In latent goal-conditioned HRL, the agent does not just execute skills it learns to reach goals in a learned latent space. The idea is to:
- Learn compact represetnations of goals
- Condition the policy on a goal vector g, instead of just a skill id
- Learn a goal-transition model that predicts how goals evolve
- Plan or adapt dynamically using these learned latent subgoals.
This is useful for:
- Compositional behavior
- Skill planning
- Multi-task learning
- Hierarchical exploration

## Background

-**Goal-conditioned Policy**: A policy $\pi(a|s,g)$ takes a latent goal as input and produces an action to reach it.
-**Goal Space**: Instead of using raw coordinates or pixel targetsm we learn a goal space $g\in\mathcal{Z}$, via an encoder. This makes the representation compact and transferable.
- **Latent goal Transitions**: We model how latent goals evolve, using a simple feedforward network:
$$g_{t+1} = f(g_t, s_t, a_t)$$
- **Reward Signal**: Instead of hand-crafted rewards, we can use:
    - Distance in latent space between achieved and target goal
    - Discriminator scores
    - Contrastive learning signals
- **Hierarchy**: The high-level policy picks or predicts a new latent goal every k steps. The low-level policy is trained to reach this goal.

## Theory

**Latent Goal Model**

WE learn a represetnation $g = E(s)$ from a goal encoder $E$, where:
- s is an observation
- $g \in \mathbb{R}^d$ is a vector in goal space

**Goal-Conditioned Policy**

The agent maximizes the probability of achieving a goal $g$, optionally using entropy regularization (SAC-style):
$$\max_\pi \mathbb{E}_{s,a,g}[r(s,g)+\alpha \mathcal{H}(\pi(\cdot|s,g))]$$
Where:
- $r(s,g) = - ||E(s)-g||^2$ is a distance-based reward
- $\mathcal{H}$ is the entropy of the policy 

## Mathematical Formulation

- $s_t$ environment state
- $g_t$ latent goal
- $E(s)$ encoder mapping obeservations to latent goal space
- $\pi(a|s,g)$ goal-conditioned policy
- $f(g_t,s_t,a_t)$ goal transition function
- $Q(s,a,g)$ goal-conditioned critic

**Goal-conditioned Reward**:
$$r(s_t,g) - ||E(s_t)-g||^2_2$$
**High-level Transition**:
$$g_{t+1} = f(g_t,s_t,a_t)$$
**SAC-style critic loss**:
$$\mathcal{L}_{Q} = (Q(s_t,g,a_t) - [r(s_t,g) + \gamma \mathbb{E}_{a'}Q(s_{t+1},g,a')-\alpha \log \pi(a'|s_{t+1},g)])^2$$

## Implementation

In [1]:
import torch
import torch.nn as nn
import torch.nn.functional as F
import torch.optim as optim
import numpy as np
import gymnasium as gym
import matplotlib.pyplot as plt

In [2]:
class GoalEncoder(nn.Module):
    def __init__(self, input_shape=(3, 96, 96), latent_dim=64):
        super().__init__()
        self.conv = nn.Sequential(
            nn.Conv2d(3, 32, kernel_size=4, stride=2), nn.ReLU(),
            nn.Conv2d(32, 64, kernel_size=4, stride=2), nn.ReLU(),
            nn.Conv2d(64, 128, kernel_size=4, stride=2), nn.ReLU()
        )

        with torch.no_grad():
            dummy = torch.zeros(1, *input_shape)
            conv_out = self.conv(dummy).view(1, -1).shape[1]

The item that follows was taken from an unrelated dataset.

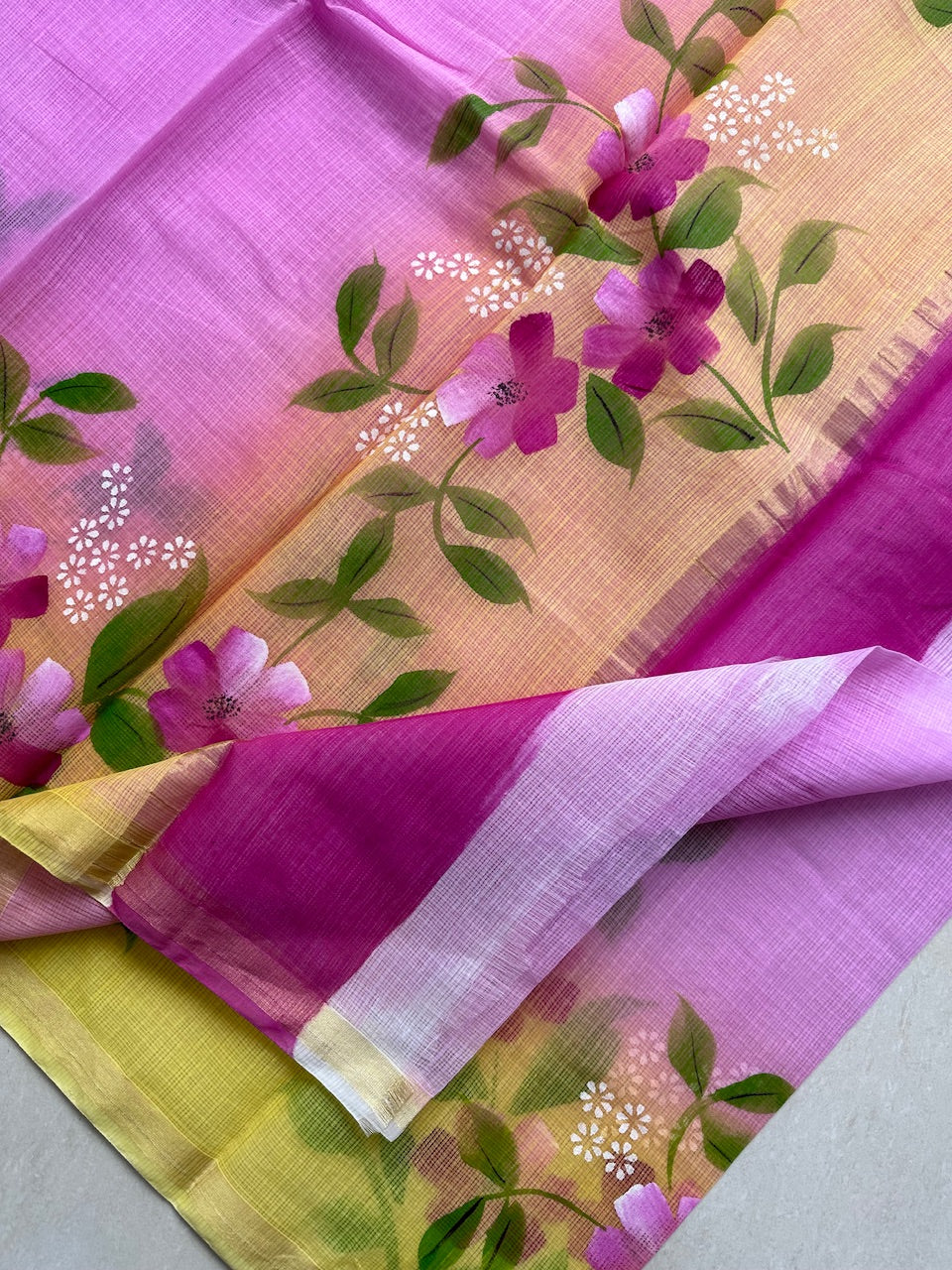 Handpainted Kota Cotton Doria Saree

        self.fc = nn.Sequential(
            nn.Linear(conv_out, latent_dim),
            nn.ReLU()
        )

    def forward(self, x):
        if isinstance(x, np.ndarray):
            x = torch.tensor(x, dtype=torch.float32)
        if x.ndim == 3:
            x = x.permute(2, 0, 1).unsqueeze(0)
        elif x.ndim == 4 and x.shape[-1] == 3:
            x = x.permute(0, 3, 1, 2)
        x = x / 255.0
        x = self.conv(x)
        x = x.view(x.size(0), -1)
        return self.fc(x)

In [3]:
class GoalConditionedPolicy(nn.Module):
    def __init__(self, obs_dim, goal_dim, action_dim):
        super().__init__()
        self.fc = nn.Sequential(
            nn.Linear(128, 256), nn.ReLU(),
            nn.Linear(256, action_dim)
        )

    def forward(self, state, goal):
        if goal.ndim == 3:
            goal = goal.squeeze(1)
        x = torch.cat([state, goal], dim=-1)
        return torch.tanh(self.fc(x))


In [4]:
class GoalConditionedCritic(nn.Module):
    def __init__(self, obs_dim, action_dim, goal_dim):
        super().__init__()
        self.q1 = nn.Sequential(
            nn.Linear(obs_dim + action_dim + goal_dim, 256),
            nn.ReLU(),
            nn.Linear(256, 1)
        )
        self.q2 = nn.Sequential(
            nn.Linear(obs_dim + action_dim + goal_dim, 256),
            nn.ReLU(),
            nn.Linear(256, 1)
        )

    def forward(self, state, action, goal):
        x = torch.cat([state, action, goal], dim=-1)
        return self.q1(x), self.q2(x)


In [5]:
class GoalCritic(nn.Module):
    def __init__(self, state_dim, action_dim, goal_dim):
        super().__init__()
        self.q1 = nn.Sequential(
            nn.Linear(state_dim + action_dim + goal_dim, 256),
            nn.ReLU(),
            nn.Linear(256, 1)
        )
        self.q2 = nn.Sequential(
            nn.Linear(state_dim + action_dim + goal_dim, 256),
            nn.ReLU(),
            nn.Linear(256, 1)
        )

    def forward(self, state, action, goal):
        if state.ndim == 4:
            state = state.view(state.size(0), -1)
        if goal.ndim == 3:
            goal = goal.squeeze(1)
        x = torch.cat([state, action, goal], dim=-1)
        return self.q1(x), self.q2(x)


In [13]:
import random
from collections import deque

class ReplayBuffer:
    def __init__(self, capacity=10000):
        self.buffer = deque(maxlen=capacity)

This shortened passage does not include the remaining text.